専有部分とは、マンション内の特定の居住者のみが使用することを認められている部分や施設のことを指します。例えば、各居室などは部屋の契約者や家族のみが使用を許可されています。
共用部分とは、マンションに居住している方全員に使用する権利がある設備を指します。エントランスホールやエレベーター・階段などが代表例です。そして、ベランダはこの共用部分にあたります。そのため、各居住者の判断でリフォームや撤去などを行うことはできません。ベランダを改造する際も、このことを念頭に置いておきましょう。
また、ベランダは共用部分ではあるものの、専用使用権が居住者に認められていると解釈されます。そのため、通常時は入居者がベランダを独占できると考えて差し支えありません。
ベランダに置いて良いもの、置いてはいけないもの
上記の専有部分・共用部分という点にも関係しますが、ベランダは共用スペースのため、置いて良いものといけないものがあります。好き勝手にものを置けるわけではないことを覚えておきましょう。置いても良いものといけないものの一例を下記に列挙します。
置いて良いもの
- 洗濯物、物干し竿
- 室外機
- 設置や撤去が容易なもの
- 避難経路の邪魔にならないもの
置いてはいけないもの
- 洗濯機(初めから外に置かれている場合を除く)
- 設置や撤去が容易ではないもの
- 避難経路の邪魔になるもの
多くのマンションで、ベランダは避難経路のひとつに指定されています。隣の部屋のベランダとの仕切りも衝撃を与えれば通り抜けられるようになっています。そのため、避難経路の邪魔になるものは置いてはいけません。
賃貸マンションのベランダ活用法
賃貸マンションでも、上手に活用することで生活の質をさらに高めることができます。ここでは、賃貸マンションのベランダ活用法をご紹介します。ぜひ自分好みにアレンジしてみてください。
ベランダガーデニング
ベランダの活用法としてもっともよく見かけるのが、「ガーデニング」ではないでしょうか。現在も多くの方が取り組んでいるでしょう。なかには、SNSなどに素敵なガーデニングを載せている方もいるかもしれません。
手軽に始めやすく、奥深いのがガーデニングの特徴です。ベランダに少し緑を置くだけで、お部屋全体が明るい雰囲気になります。季節ごとに植える植物を変えられるのも魅力のひとつでしょう。
ベランダガーデニングは、日当たりと温度が大きく関係します。日当たりの良い物件ではたいていの植物の育てられますが、日当たりの悪いベランダでは植えられる植物が限られます。

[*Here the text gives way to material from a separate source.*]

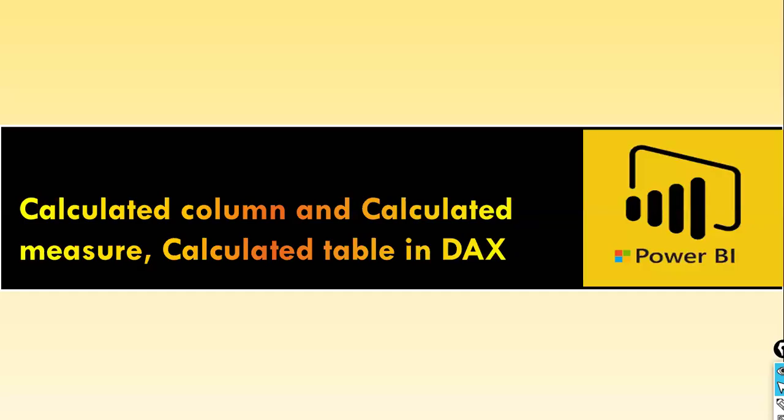This is also very important. What is calculated column and calculated measure? In almost all the interviews, they ask this question.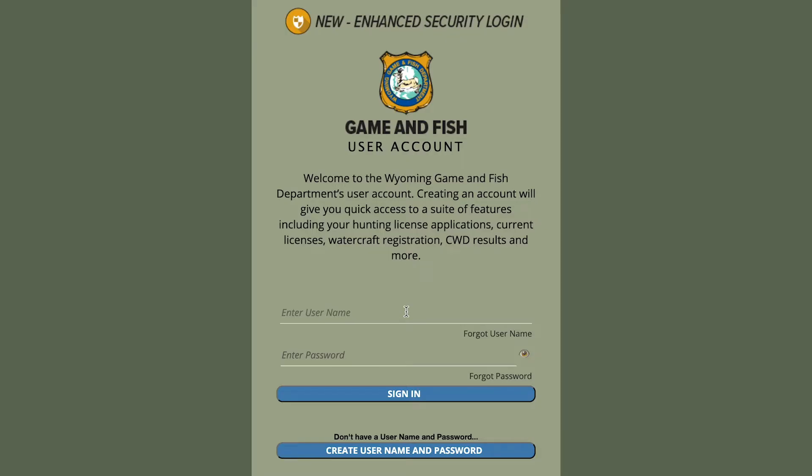Hi, I'm Sarah Reichert, and today I'm going to introduce you to Game & Fish's new user account system. First, I'd like to show you how, if you're an existing Game & Fish customer, you're going to create a username and password.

ただ、日当たりが良すぎいる、夏場に乾燥や温度が高すぎるなどの問題が生じる可能性もあります。
ベランダの活用法としては、もっとも取り組みやすいため、何から始めれば良いかわからないという方は、ガーデニングから始めてみてはいかがでしょうか。
ウッドデッキやタイル・人工芝を敷く
ベランダは、基本的にコンクリートで覆われており、殺風景な印象を持つ方も珍しくありません。ウッドデッキやタイルを敷き詰めれば、個性でおしゃれな雰囲気のベランダに早変わりします。また、植物は苦手だけど緑が欲しいという方は、人工芝を敷くのもおすすめです。
これらのアイテムは、ホームセンターやネットショッピングなどで広く販売されています。簡単に取り付けられるので、ぜひ取り組んでみてください。いきなり本格的なものを始めるのは…という方は、100円ショップでタイル調のアイテムが販売されています。それを使って雰囲気を確認してみるのはいかがでしょうか。
テーブルやいすを置いてやすらげるスペースに
ベランダスペースにある程度余裕があるなら、テーブルやいすを置いて休憩スペースを作るのもおすすめです。カフェのテラス席のような開放感が味わえ、休みの日には読書などをするのも良いかもしれません。ベランダの使い方が変わる活用法です。
ただ、高層階に住んでいる方は、設置したテーブルやいすが風邪で飛ばされる危険があります。物件によっては設置が禁止されていることもあるため、事前の確認が必要です。
ベランダを活用する際の注意点
ベランダにはさまざまな活用法があり、有効活用することで生活を豊かにできます。一方で、ベランダの取り扱いは物件によって異なっており、間違った使い方をすると不動産管理会社や大家さんから注意を受ける可能性があります。ここでは、ベランダを活用する際の注意点をご紹介します。
まずは管理規約を確認する
もっとも大切なことは、ベランダに手を加える前にマンションの管理規約を確認することです。前述の通り、マンションのベランダは基本的に共用部分として定められており、禁止事項や利用方法などが規約に乗っています。
例えば、公益財団法人マンション管理センターが作成した使用細則によると、マンションのベランダでは「煉瓦、モルタル、コンクリート及び多量の土砂による花壇等の設置又は造成」「家屋、倉庫、物置、サンルーム、ビニールハウス、縁側、遊戯施設その他の工作物の設置又は築造」などが禁止されています。
これらの利用規則に違反すると、最悪の場合退去させられる可能性もあります。そのため、ベランダに手を加える前に、必ず管理規約を確認しましょう。
喫煙は控える
マンションによっては、ベランダでの喫煙を禁止している可能性があります。また、禁止していなくても、近隣住人の洗濯物ににおいがつく、室内に煙が入るなどトラブルを引き起こす可能性があります。管理規約に禁止規定がない場合でも、ベランダでの喫煙は控えたほうが安心です。
手すりに布団を干す場合は落下に気をつける
ベランダには手すりがついているため、それを利用して布団などを干す方も多いでしょう。ただ、固定が甘いと布団が落下し、誰かをケガさせてしまうかもしれません。手すりに布団を干す場合は、しっかりと固定し落下しないように気をつけましょう。